◆ Requirement
Search the material for the string "Sweatshirt", then show every line where it turns up.

=== Available data ===

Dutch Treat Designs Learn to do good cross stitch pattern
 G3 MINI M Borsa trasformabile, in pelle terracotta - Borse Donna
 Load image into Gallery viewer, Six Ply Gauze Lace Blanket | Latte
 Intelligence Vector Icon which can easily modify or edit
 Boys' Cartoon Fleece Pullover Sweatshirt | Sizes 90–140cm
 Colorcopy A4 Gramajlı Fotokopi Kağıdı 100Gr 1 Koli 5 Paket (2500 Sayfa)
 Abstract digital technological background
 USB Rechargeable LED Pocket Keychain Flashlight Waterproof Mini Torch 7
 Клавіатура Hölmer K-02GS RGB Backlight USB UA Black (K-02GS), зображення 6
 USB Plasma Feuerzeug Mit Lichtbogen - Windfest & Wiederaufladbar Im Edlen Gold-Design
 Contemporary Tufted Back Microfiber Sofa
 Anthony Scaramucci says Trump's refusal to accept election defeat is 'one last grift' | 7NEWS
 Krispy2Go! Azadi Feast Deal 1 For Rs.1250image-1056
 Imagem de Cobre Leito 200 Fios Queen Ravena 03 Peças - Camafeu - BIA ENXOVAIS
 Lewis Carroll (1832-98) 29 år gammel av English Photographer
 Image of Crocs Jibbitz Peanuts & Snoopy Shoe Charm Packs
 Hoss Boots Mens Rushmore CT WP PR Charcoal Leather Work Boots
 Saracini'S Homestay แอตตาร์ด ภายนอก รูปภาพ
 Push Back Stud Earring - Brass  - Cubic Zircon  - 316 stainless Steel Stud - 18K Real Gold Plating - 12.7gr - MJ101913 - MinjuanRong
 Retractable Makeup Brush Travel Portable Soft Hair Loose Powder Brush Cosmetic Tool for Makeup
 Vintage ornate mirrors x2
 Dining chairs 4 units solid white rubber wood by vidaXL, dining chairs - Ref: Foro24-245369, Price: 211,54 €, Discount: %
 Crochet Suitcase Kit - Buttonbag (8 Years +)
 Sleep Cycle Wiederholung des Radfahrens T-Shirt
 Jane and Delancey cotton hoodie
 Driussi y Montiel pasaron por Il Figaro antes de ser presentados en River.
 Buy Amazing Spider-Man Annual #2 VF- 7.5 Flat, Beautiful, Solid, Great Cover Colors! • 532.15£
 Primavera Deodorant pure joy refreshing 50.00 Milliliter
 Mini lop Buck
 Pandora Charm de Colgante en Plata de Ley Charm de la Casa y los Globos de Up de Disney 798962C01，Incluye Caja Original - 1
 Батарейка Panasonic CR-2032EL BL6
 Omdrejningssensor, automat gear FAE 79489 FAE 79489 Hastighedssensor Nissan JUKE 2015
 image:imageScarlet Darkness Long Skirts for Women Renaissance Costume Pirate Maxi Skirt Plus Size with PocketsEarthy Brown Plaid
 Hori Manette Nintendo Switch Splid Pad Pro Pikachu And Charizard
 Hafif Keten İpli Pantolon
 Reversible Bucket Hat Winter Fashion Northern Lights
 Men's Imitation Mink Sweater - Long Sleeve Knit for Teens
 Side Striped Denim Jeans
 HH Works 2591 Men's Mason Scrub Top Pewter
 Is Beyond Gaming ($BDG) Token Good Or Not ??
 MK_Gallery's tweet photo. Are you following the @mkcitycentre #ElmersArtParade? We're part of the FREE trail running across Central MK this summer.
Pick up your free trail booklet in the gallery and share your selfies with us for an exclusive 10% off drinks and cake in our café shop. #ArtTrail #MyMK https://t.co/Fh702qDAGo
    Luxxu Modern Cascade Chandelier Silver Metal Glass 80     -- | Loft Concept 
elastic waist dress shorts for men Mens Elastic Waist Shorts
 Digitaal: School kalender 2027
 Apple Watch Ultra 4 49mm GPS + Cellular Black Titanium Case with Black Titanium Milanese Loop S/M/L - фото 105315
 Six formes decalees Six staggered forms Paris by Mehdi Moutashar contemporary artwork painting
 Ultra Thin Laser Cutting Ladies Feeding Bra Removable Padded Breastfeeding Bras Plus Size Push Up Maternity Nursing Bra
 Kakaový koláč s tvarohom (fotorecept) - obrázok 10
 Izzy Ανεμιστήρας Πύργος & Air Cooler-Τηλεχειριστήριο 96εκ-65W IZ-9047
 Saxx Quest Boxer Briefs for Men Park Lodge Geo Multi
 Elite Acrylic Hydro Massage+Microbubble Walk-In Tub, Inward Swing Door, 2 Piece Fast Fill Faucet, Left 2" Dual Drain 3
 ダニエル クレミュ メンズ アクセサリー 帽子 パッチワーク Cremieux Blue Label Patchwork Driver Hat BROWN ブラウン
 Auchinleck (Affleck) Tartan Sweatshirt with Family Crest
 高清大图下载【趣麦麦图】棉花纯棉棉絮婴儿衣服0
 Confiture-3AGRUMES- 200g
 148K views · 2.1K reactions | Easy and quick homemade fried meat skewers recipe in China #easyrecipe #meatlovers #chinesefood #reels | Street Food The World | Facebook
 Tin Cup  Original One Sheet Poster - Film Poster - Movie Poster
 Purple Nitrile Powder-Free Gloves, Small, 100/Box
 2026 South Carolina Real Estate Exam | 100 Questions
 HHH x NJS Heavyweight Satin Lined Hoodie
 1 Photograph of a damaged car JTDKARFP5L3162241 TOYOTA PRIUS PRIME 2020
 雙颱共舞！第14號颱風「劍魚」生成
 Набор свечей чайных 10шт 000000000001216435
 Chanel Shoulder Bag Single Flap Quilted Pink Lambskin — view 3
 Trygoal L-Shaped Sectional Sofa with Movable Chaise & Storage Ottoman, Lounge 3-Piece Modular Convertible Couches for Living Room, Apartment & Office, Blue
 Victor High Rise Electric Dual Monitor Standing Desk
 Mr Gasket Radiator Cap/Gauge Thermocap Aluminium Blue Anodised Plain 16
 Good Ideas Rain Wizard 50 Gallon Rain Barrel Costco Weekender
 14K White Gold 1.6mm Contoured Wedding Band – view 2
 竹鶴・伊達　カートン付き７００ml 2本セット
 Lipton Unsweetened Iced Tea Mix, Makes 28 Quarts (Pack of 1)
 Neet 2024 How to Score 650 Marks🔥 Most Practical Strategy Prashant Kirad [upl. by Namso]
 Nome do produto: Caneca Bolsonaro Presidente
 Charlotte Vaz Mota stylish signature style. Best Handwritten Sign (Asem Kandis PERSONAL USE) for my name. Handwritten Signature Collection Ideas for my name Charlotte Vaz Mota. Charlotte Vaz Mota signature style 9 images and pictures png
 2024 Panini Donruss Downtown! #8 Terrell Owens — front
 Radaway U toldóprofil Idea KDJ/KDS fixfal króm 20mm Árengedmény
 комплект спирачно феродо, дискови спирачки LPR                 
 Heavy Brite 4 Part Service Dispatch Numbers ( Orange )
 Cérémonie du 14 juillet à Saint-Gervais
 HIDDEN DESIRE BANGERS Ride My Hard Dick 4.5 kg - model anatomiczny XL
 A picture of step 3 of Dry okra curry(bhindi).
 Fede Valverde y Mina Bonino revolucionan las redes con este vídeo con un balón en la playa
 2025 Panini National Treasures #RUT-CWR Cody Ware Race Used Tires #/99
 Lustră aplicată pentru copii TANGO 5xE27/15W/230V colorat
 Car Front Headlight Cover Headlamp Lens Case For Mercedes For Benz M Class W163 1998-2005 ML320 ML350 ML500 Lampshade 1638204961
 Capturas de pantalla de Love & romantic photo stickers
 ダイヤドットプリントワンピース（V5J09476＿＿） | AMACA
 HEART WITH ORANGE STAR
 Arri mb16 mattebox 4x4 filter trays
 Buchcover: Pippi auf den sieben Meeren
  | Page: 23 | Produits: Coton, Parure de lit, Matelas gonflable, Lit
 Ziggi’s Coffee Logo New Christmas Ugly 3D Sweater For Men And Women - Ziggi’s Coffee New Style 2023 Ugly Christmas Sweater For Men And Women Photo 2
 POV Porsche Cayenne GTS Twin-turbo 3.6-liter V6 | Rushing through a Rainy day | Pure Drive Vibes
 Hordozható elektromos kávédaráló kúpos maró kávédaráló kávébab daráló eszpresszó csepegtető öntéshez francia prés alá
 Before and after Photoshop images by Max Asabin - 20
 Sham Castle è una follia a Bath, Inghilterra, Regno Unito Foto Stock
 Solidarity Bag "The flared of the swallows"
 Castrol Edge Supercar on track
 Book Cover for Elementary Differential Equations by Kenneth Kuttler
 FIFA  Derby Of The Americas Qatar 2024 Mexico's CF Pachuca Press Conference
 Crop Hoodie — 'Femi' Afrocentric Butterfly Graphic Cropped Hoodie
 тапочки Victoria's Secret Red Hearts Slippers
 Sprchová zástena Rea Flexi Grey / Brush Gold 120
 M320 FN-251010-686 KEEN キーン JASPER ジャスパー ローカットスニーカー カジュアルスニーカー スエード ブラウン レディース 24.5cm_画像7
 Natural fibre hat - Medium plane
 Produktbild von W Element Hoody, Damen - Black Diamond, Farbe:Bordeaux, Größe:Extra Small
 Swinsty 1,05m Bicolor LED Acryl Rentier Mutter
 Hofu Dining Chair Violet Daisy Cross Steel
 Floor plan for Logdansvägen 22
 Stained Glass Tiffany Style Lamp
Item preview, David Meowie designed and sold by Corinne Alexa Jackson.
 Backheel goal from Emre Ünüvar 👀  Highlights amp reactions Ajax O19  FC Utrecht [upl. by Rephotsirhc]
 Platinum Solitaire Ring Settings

===

◆ Finished exercise
 Boys' Cartoon Fleece Pullover Sweatshirt | Sizes 90–140cm
 Auchinleck (Affleck) Tartan Sweatshirt with Family Crest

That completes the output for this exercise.